Local resources and product path management

Ruszkai Csaba

Eszterházy Károly College Faculty of Natural Sciences

Hungarian coal occurrences

Hungarian coal occurrences

Figure 1. Hungarian coal occurrences (PÁPAY 2003)

  1. Pliocene woody brown coal

  2. Middle Miocene woody brown coal

  3. Middle Miocene brown coal

  4. Oligocene brown coal

  5. Eocene brown coal

  6. Cretaceous brown coal

  7. Liassic black coal

Hungary's only black coal occurrence is in the Mecsek Mountains. Most of the coal is suitable for coking. The colonies were formed in the Lower Jurassic (Liassic) age, and had a paralic nature. The thickness of the sedimentary sequence of coal deposits can reach 900 meters near Pécs, the number of colonies exceeding 5 meters thickness is over 170. The mining industry started in the late 1700s and operated for 200 years. The majority of mine pit gas was dangerous due to accumulation of methane. The main centers of mining were Pecs, Komló, Szászvár, Máza, Nagymányok. The mine in Komló closed in 2000.

The Upper Cretaceous lignite coal seams occur in three plant groups near Ajka. The lower seams contain the highest quality brown coal. The interesting mineral of the middle seams is called " ajkait ", which is actually amber. The top seam includes a lower quality brown coal. The brown coal seams of Ajka are characterized by high uranium concentration. Mining ceased in the 1980s.

The limnic origin brown coal in Észak-Dunántúl is characterised by fractured mechanism. The mining industry began to rise in the late 1700s.

The main centers of mining were Tatabánya, Dorog, Tokod, Balinka, Dudar, Oroszlány, Nagyegyháza, Csordakút, Mány (in Mány mining ceased at the end of 2004). In the last three occurances coal is installed directly on bauxite, so in some of the tunnels, both were mined. The "Eocene program", a large-scale exploration took place in the early 1980s, whereby mine development and recovery plans were created for coal assets. However, many environmental problems are associated with mining. Due to underground mining the collapse of the surface and subsidence has occurred.

As karst water intrusion was extremely dangerous for mining, intense pumping had to be carried out, which lead to the drying up of water sources, difficulties in municipal water supply. The amount and distribution of coal seams did not confirm the plans. For these reasons, in the 1990s, the mining industry was increasingly suppressed, today only a few small mines are operating.

The brown coal seams in Northern Hungary (in Nógrád, Borsod county) were formed in the lower-middle Miocene and has limnic characteristics (Figure 2).
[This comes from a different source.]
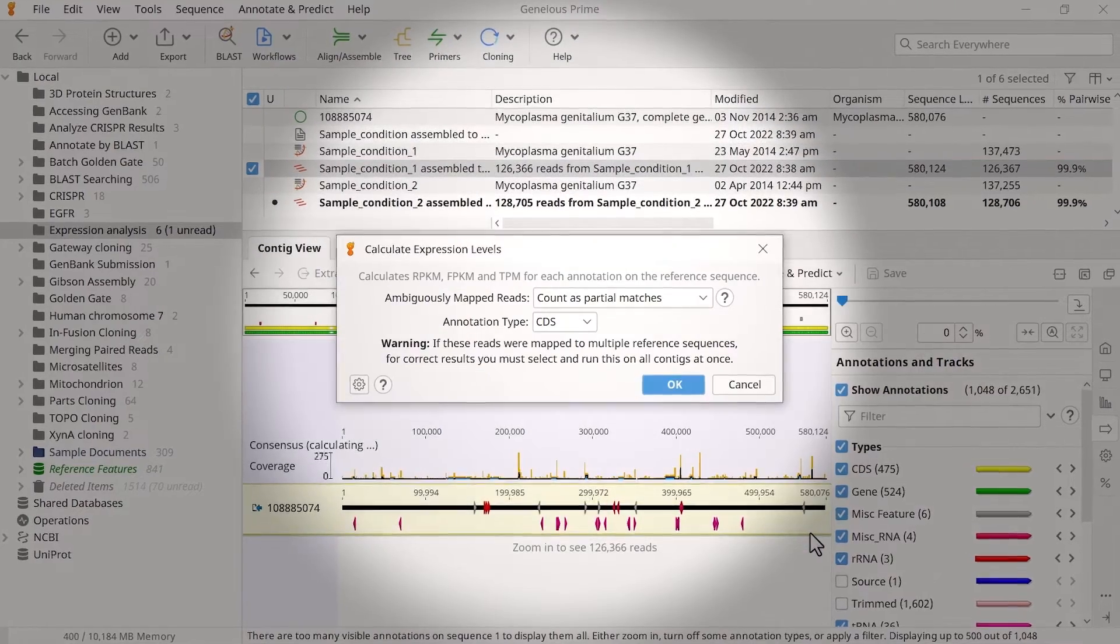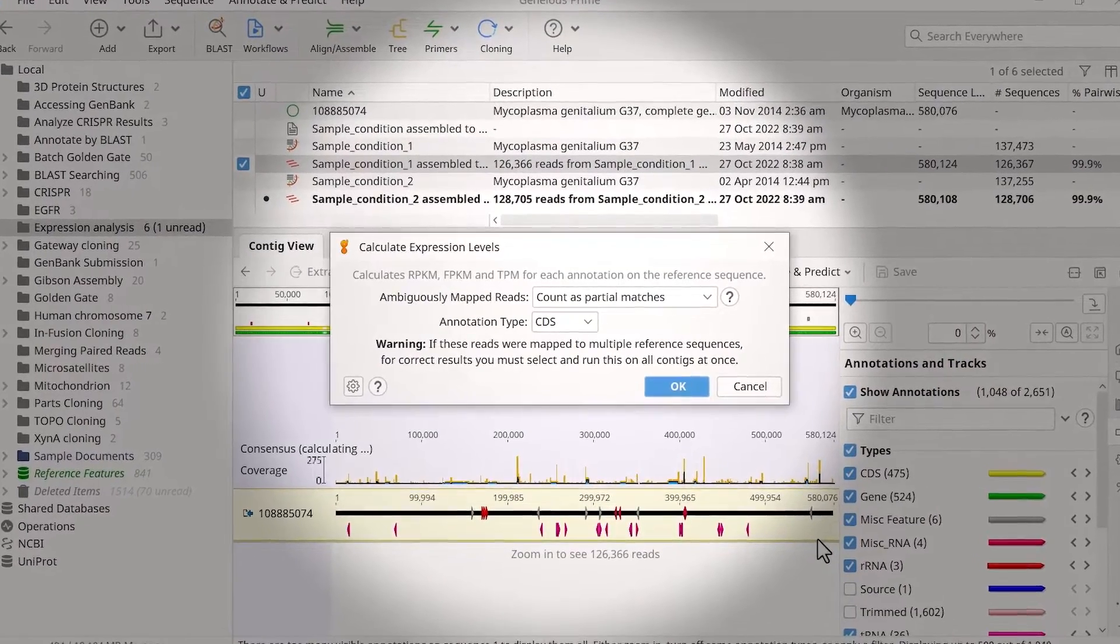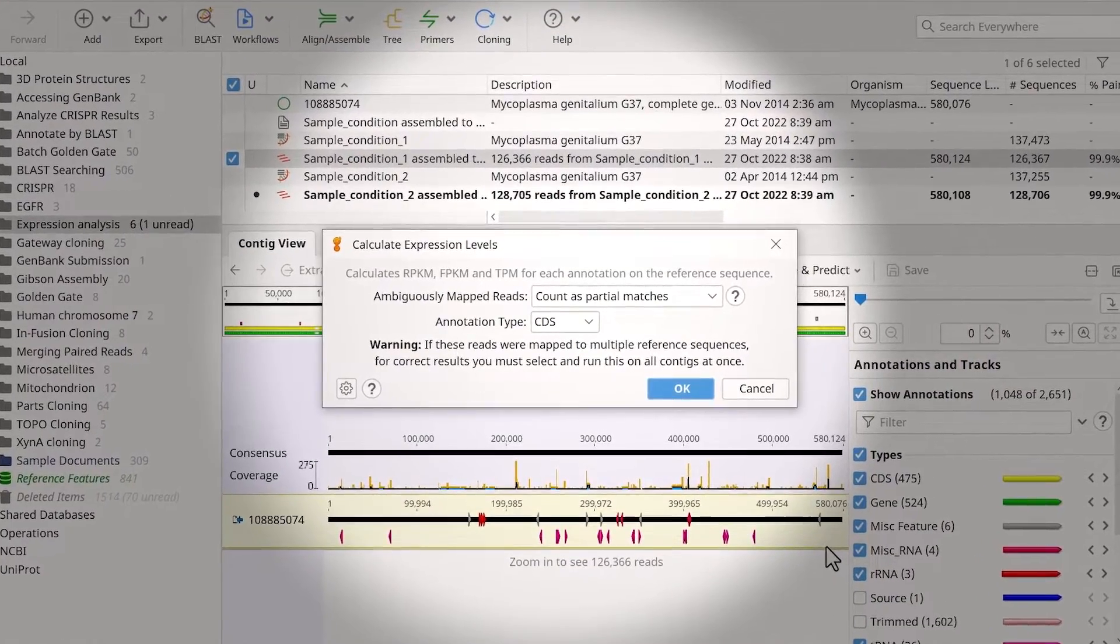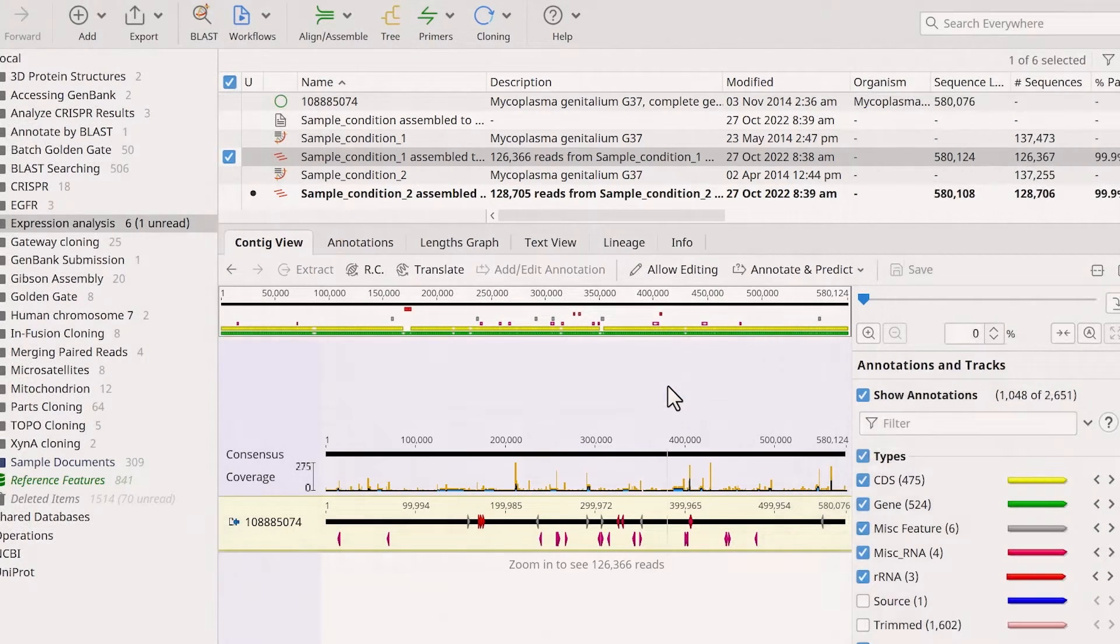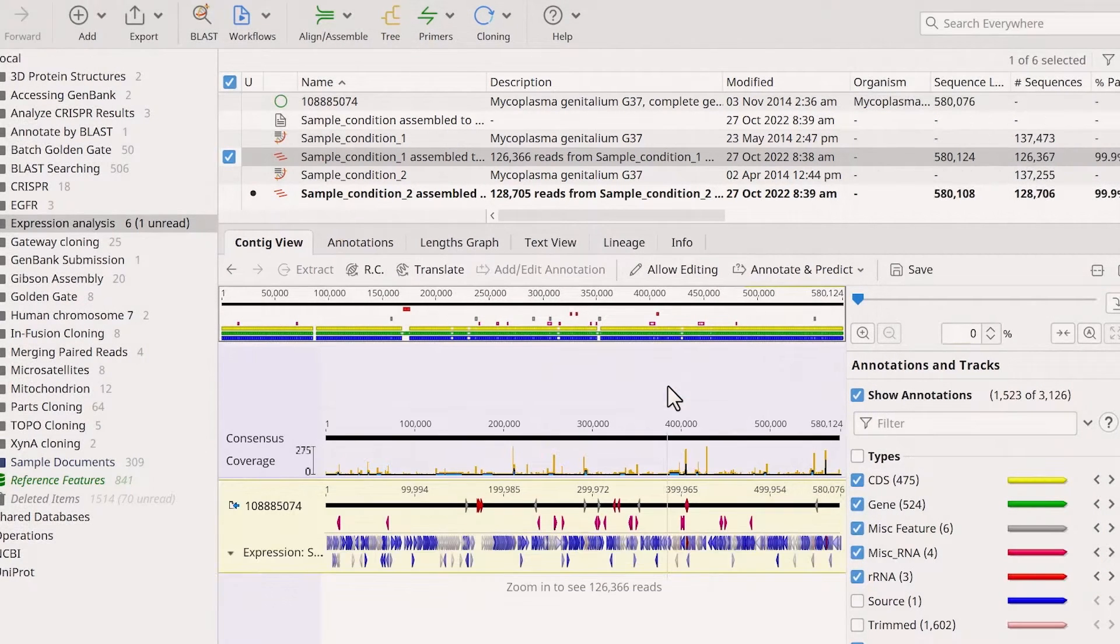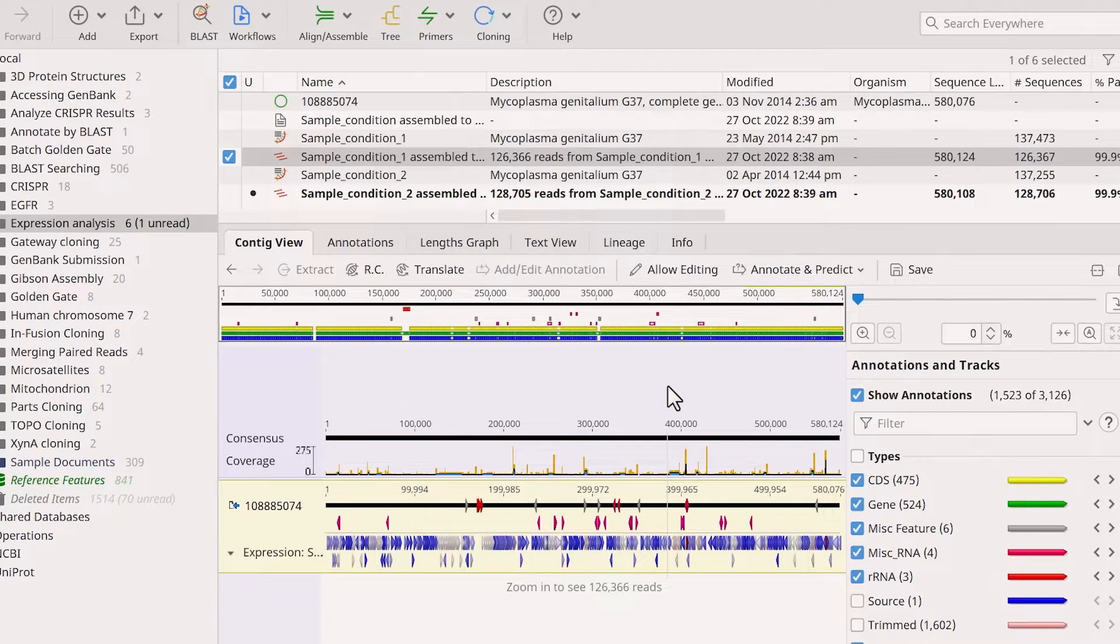In the new window, specify how to treat ambiguously mapped reads and the annotation type of interest and click OK. You should now see a new track created on the reference in the assembly file.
Mining industry began in the mid-1800s, nowadays there are only a few mines with smaller capacity.

As the mining karst water intrusion was extremely dangerous, intense pumping was carried out, leading to the resources dwindle, municipal water supply difficulties. The amount and distribution of coal seams nor confirmed the plans. For these reasons, in the 1990s, the mining industry is increasingly suppressed, is now only a few small mining operation.

The brown coal seams in Northern Hungary (Nógrád, Borsod county) to the lower-middle Miocene arose limnic character (Figure 2). The mining industry began in the mid-1800s, but nowadays there are also some smaller mining capacity.
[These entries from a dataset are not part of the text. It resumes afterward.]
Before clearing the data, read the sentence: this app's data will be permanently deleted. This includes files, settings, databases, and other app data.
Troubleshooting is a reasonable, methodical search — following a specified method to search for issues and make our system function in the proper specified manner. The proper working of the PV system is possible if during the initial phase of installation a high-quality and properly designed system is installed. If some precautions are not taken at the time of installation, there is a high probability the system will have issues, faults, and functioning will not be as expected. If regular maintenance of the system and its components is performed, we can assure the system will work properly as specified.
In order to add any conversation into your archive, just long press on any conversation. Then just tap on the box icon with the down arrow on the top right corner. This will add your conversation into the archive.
Figure 2. Brown coal seams in the mining excavation on the bocsonya side in Sajólászlófalva (Photo by David Arpad)

Lower Miocene brown coal seams located in Brennbergbánya are on the western part of the Sopron Mountains. A series of coal seams installed on the eroded surface of the Paleozoic crystalline base mountain. Hungary's first coal mine began operating in 1759 in this field. Today, a museum presents the circumstances of the old mining.
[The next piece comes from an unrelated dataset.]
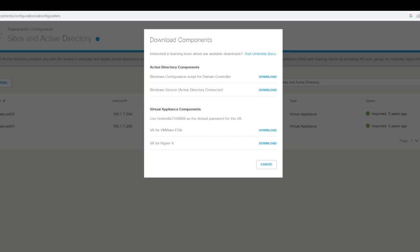Just before you download that, do take note of your org ID because this is going to be part of the password for your VA. When you install the VA, you'll be asked to enter a password and that default password will be umbrella, and then the digits are going to be your organization ID.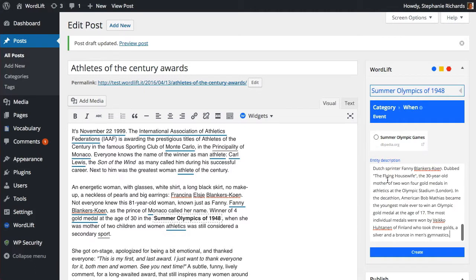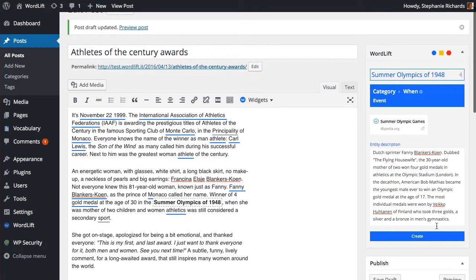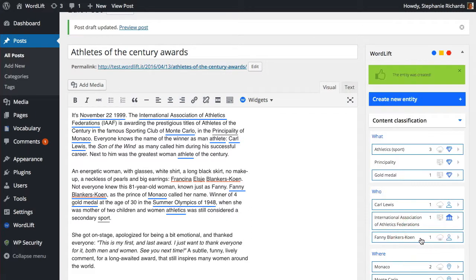It's very important to link similar content already available on the open web, as this will further enrich our article and help machines find it. Finally, let's add it to our internal vocabulary.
There is mid-Miocene lignite occurrence in Várpalota. Mining started in the second half of the 1800s. From the 1960s the Inota power plant and aluminum smelter used the lignitet hat was mined here. Also Miocene lignite is mined in the Mecsek Mountains, near Hidas.

The Pannon-aged lignite in Mátra and Bükkalja were created in the swampy regions of the prolate Pannonian inland foreshore. The area compared to the other domestic coal seam has extremely high reserves available. The estimated lignite wealth is more than 3 billion tons, while other domestic resource occurrences had million magnitude. Mining is done by open-cast mining. Mining areas must be continuously drained because the water level is above the level of mining. The centers of mining is Visonta and Bükkábrány. The mine of Bükkábrány was opened in 1985. The Pannonian lignites have high economic importance because they are currently the country's cheapest energy source. Electricity is obtained from lignite in the Visonta power plant.

West of Szombathely to Austria Pannonian lignite is occurring similar to mátra and bükkalja lignite which is mined by open-cast mining at Torony. Which is also the foreshore sediments of the Pannonian inland sea. Its advantage compared to the previous occurrences is that most of the plants above the water table, and its more thicker than the Matra and Bükkalja lignites.